### Required action:
Would you print the records below word for word, without the pictures?
-=-=-
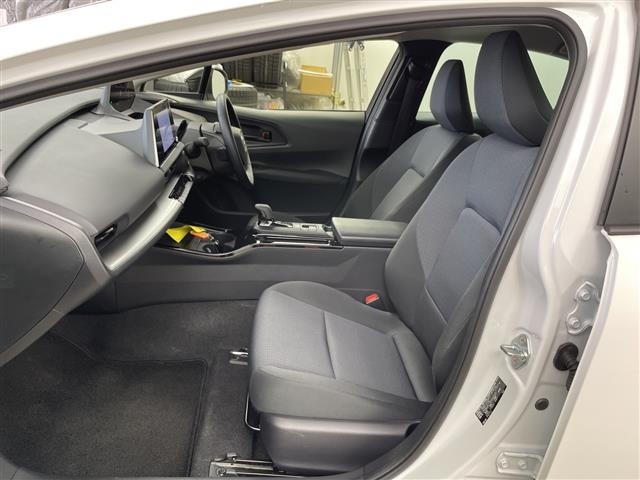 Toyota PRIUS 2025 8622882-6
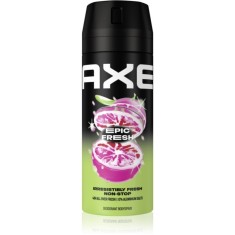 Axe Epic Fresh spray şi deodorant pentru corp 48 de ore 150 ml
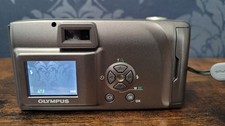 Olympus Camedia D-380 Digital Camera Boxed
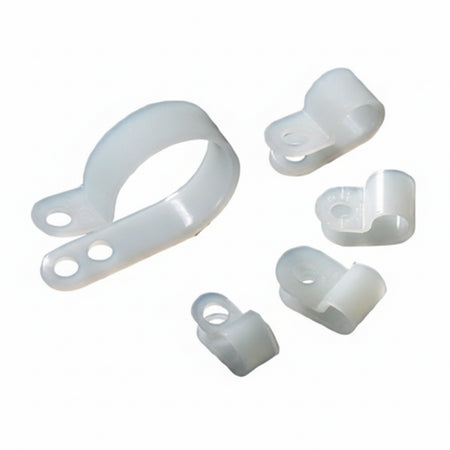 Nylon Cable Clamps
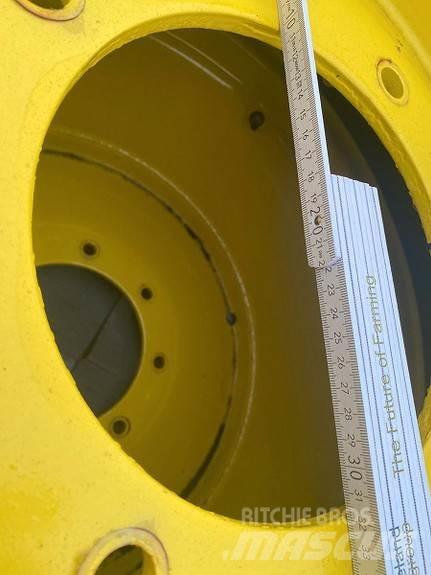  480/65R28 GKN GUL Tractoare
-=-=-
### Problem solution:
 Toyota PRIUS 2025 8622882-6
 Axe Epic Fresh spray şi deodorant pentru corp 48 de ore 150 ml
 Olympus Camedia D-380 Digital Camera Boxed
 Nylon Cable Clamps
  480/65R28 GKN GUL Tractoare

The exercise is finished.